Wenn Gott den Winden erlaubte, die geheiligte Brüderschaft auf fünfhundert Inseln und Riffe zu setzen, war es da nicht offenbar Gottes Wille, daß sie Fort Algernon und Jamestown nie erreichen sollten? Auf den fünfhundert Inseln lebte sich's vortrefflich, während in der Kolonie nur die abenteuerlustigen Kavaliere und die Wohlhabenden vortrefflich – gelebt hatten, bevor sie wie die Fliegen starben.
Denn in der von Sir Walter Raleigh und dessen Halbbruder Sir Humphrey Gilbert gegründeten Kolonie – nach der jungfräulichen Königin »Virginia« genannt – waren noch immer keine Goldminen angelegt, noch immer kein Körnchen Gold gefunden worden. Das Gold der Weizenkörner hatten die ersten Kolonisten noch nicht entdeckt. Mit Indianern zu raufen – oder untereinander – war nicht einträglich und außerdem lebensgefährlich: von den sechshundert ersten Bewohnern der Kolonie lebten nur noch vierzig, hungernd, krank und verwahrlost. Drakonische Gesetze hielten die Gier im Zaume und hinderten die verkommenen Adligen und goldsuchenden Puritaner, weiße Indianer zu werden.

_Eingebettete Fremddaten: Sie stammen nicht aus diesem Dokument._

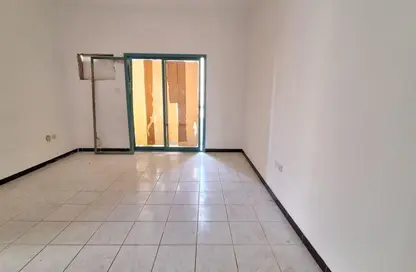 شقة - غرفة نوم - 1 حمام للايجار في البطينة - الشارقة شقة - غرفة نوم - 1 حمام للايجار في البطينة - الشارقة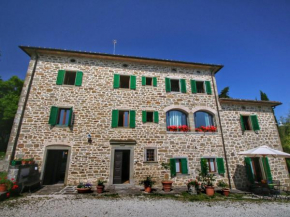 Medieval Farmhouse in Caprese Michelangelo with Terrace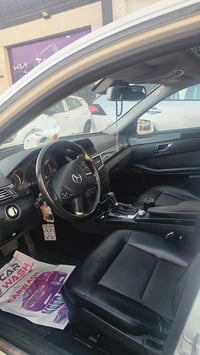 مارسيدس E200 2010  خليجي كلين ماشية ٣٠٠ الف  معروفة مواصفاتها  بيها طخ...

Wieviel besser hatte man es auf dem Bermudaarchipel! Hier gab es keine skalpierenden Irokesen und keinen Häuptling Powhatán, der für ein Stück Prärie eine Kanone forderte. Wie im Schlaraffenland flogen einem die Martinsgänse auf Kopf und Schultern, man brauchte bloß nach ihnen zu langen. Eier aus Nestern zu nehmen und Riesenschildkröten abzustechen, war kaum anstrengender, als sie zu kochen und zu verzehren. Mit dem Fleisch einer Schildkröte ließen sich siebzig Menschen speisen.
Als einmal Helways an einer Schildkrötenjagd teilnahm, fiel ihm ein schwarzer Gegenstand im Ufertang auf. Es war eine Schatulle aus Ebenholz, bis auf eine Kante ganz mit Sand und Tang bedeckt. Er hatte während des Schiffbruchs dies Ebenholzkästchen im Arm der dicken Mistris Rosamund Strahan gesehn, welche, den Tod vor Augen, sich von ihren Schätzen nicht hatte trennen wollen. Unauffällig scharrte er mit dem Fuß Muschelschalen und Sand über die hervorlugende Ecke. Seine Jagdgefährten standen ziemlich entfernt und beachteten es nicht. Er wagte in ihrer Gegenwart nicht, die Schatulle an sich zu nehmen; anderseits fragte er sich, ob er imstande sein werde, nachts die Stelle wiederzufinden.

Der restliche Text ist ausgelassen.